Shop Talk! China Gears Up For Annual “Singles’ Day” Spending Spree. 

Autonomous robotic machines sort out goods at the Chinese online retailer JD.com's warehouse in Beijing on Tuesday, Nov. 9, 2021. China's biggest online shopping day, known as "Singles' Day" on Nov. 11, is taking on a muted tone this year amid a regulatory crackdown on the technology industry and President Xi Jinping's push for "common prosperity." (AP Photo/Andy Wong)

Imagine Black Friday and Cyber Monday on steroids.  It still wouldn’t be anything near what happens in China on “Singles’ Day, coming up on Thursday. 

It’s an unofficial holiday in China and essentially Christmas coming a month-and-half-early for Alibaba, which took in $78 billion during the 11-day event in 2020 in the middle of the pandemic. 

The e-commerce shopping extravaganza has been around since 2009, when it did just under $8 billion in sales. 

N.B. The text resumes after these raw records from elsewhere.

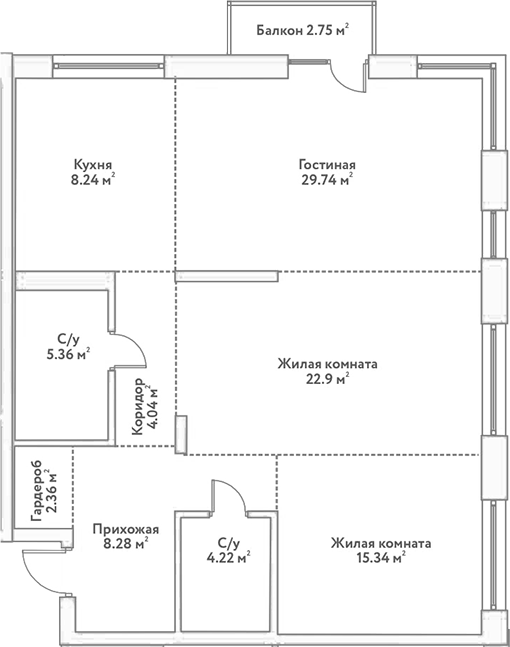 Планировка 3е-к.кв 100.48 м² в ЖК «Flora&Fauna»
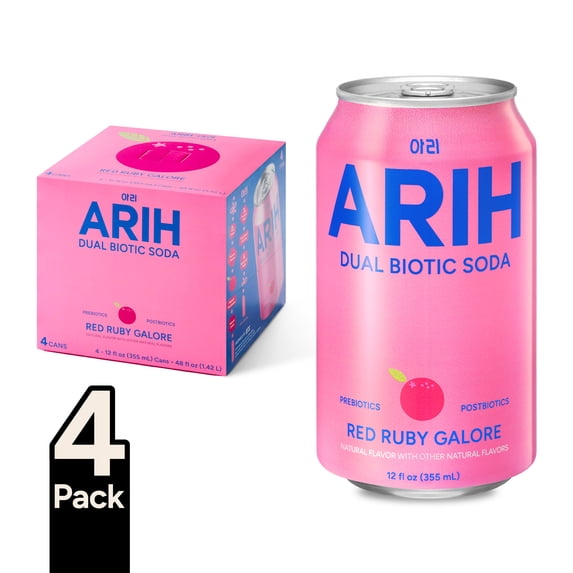 ARIH Dual Biotic Soda, Functional Prebiotic and Postbiotic Soda, Low Sugar, Red Ruby Galore, 12 fl oz, 4 Pack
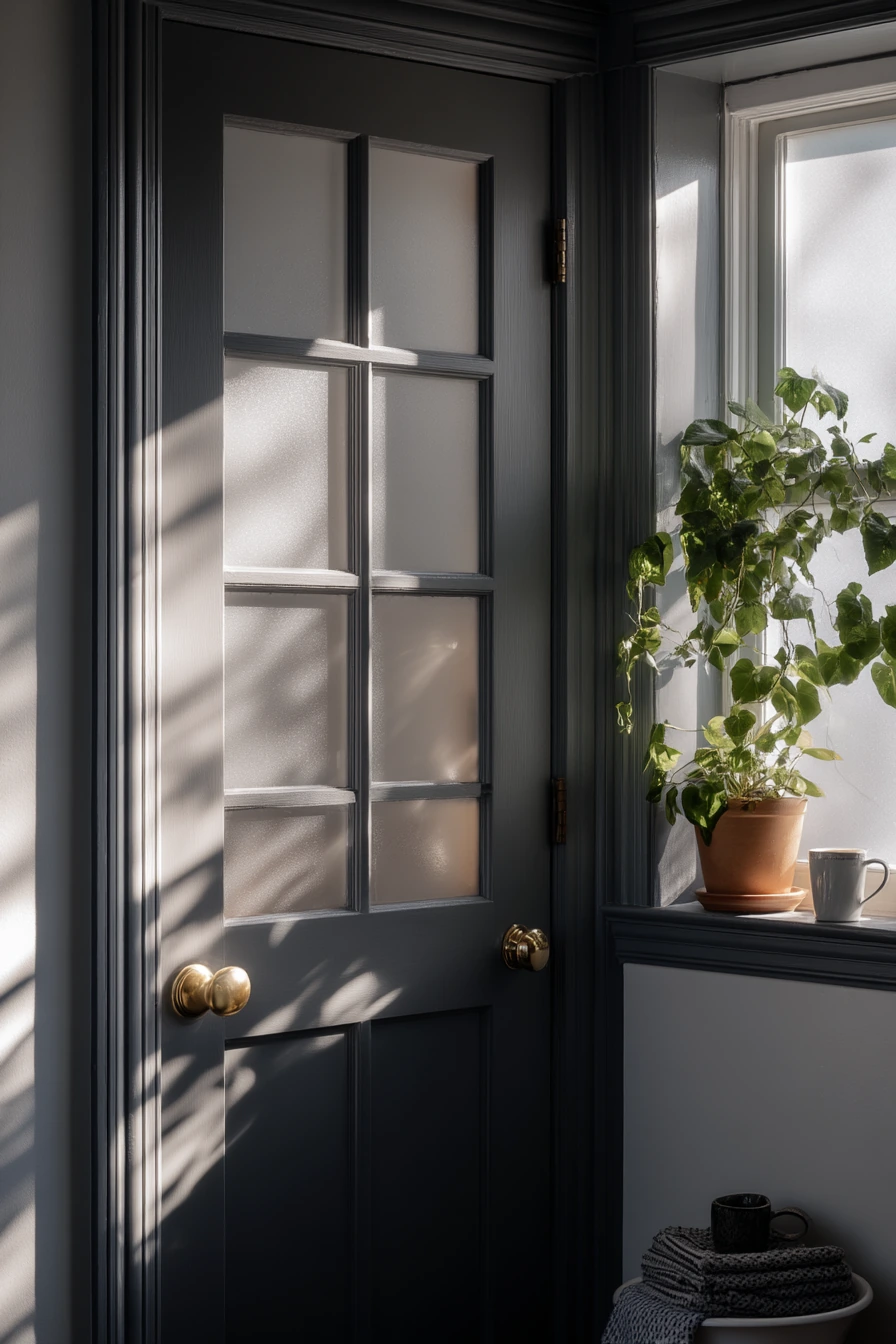 Glass-Paned Door with Soft Privacy for a Shared Bath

The night before the start of Singles’ Day Alibaba throws a huge bash that features major U.S. entertainers and celebrities.  Taylor Swift was on state in 2019 and Katy Perry performed on a livestream in 2020. 

As for how Singles’ Day compares with big shopping days in the U.S. like Black Friday and Cyber Monday?  They aren’t even in the same stratosphere.  The combined haul for those two days in the U.S. last year brought in just under $20 billion according to an Insider story. 

There’s some other fascinating data connected to the online buying frenzy.  Alibaba claims that during the peak of Singles’ Day in 2020, they were processing 583,000 orders per second.  Per second!

And Jack Ma isn’t the only one getting richer from this.  Savvy influencers know how to cash in as well.  Last year a top Chinese influencer sold $1.7 billion with of his mercy in during a 12-hour livestream prior to the event starting. 

The “Lipstick King,” Austin Li Jiaqi pulled down roughly $140 million per hour.  Good gig if you can get it.